Nevertheless, they need to be aware that buyers are searching for a cultural fit early on in M&A conversations. Deal-makers want to know, do we have a shared sense of direction? How easily can we integrate our two company mindsets? It’s the kind of alignment noted by Nigel Vaz, CEO of Publicis Sapient after Publicis acquired Latin American company Practia to expand its market reach – and he praised “the cultural synergies between our two organisations.”

Tech and client relationships aren’t as significant as they seem: Unlike more nebulous cultural signals, the impact of technology and client growth/satisfaction both appear towards the bottom of value drivers for marcoms buyers. Possibly, they are seen as basic hygiene components within M&A; i.e. if a business is healthy overall in terms of revenue and top line growth, client relations and tech literacy are factored within that model.

Interestingly, sellers don’t recognise the importance of strong financial controls and a scalable business model; they appear towards the bottom of their list of significant value drivers.
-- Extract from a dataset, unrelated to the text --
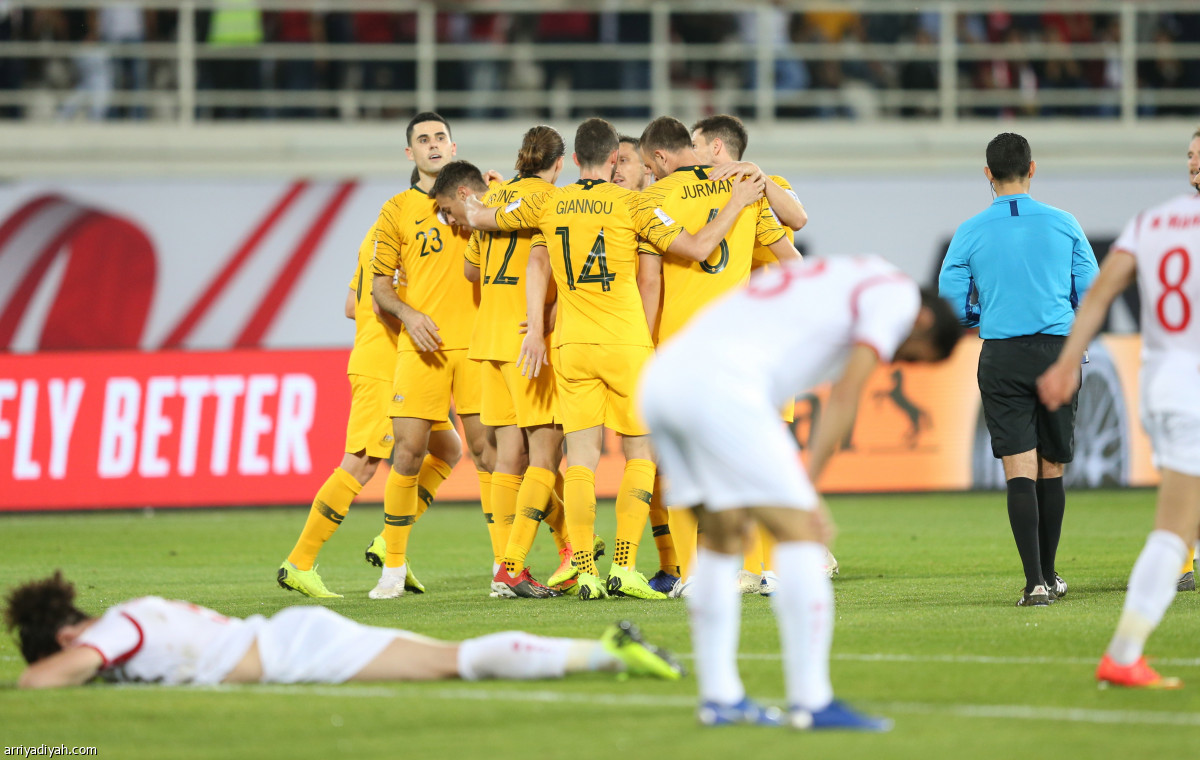 حسرة الخروج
While these factors don’t make buyers’ top five value drivers (they are seen as a given), this finding suggests agencies need to place greater emphasis on robust datasets that will reassure buyers on the risk of their investment.

The learnings above point to a lingering disconnect between buyers and sellers. To bridge the gap, agencies must focus on maximising their valuation – in a process that begins around 12-18 months’ out from a deal. To avoid leaving their biggest assets off the table, sellers need to double down on top line growth, defining their point of difference and supporting claims with data-driven proof.

Marcoms M&A is a matter of nuance. But, as our research shows, successful M&A is an ambition that begins by digging beneath the surface to understand more closely what it is that all parties want to achieve.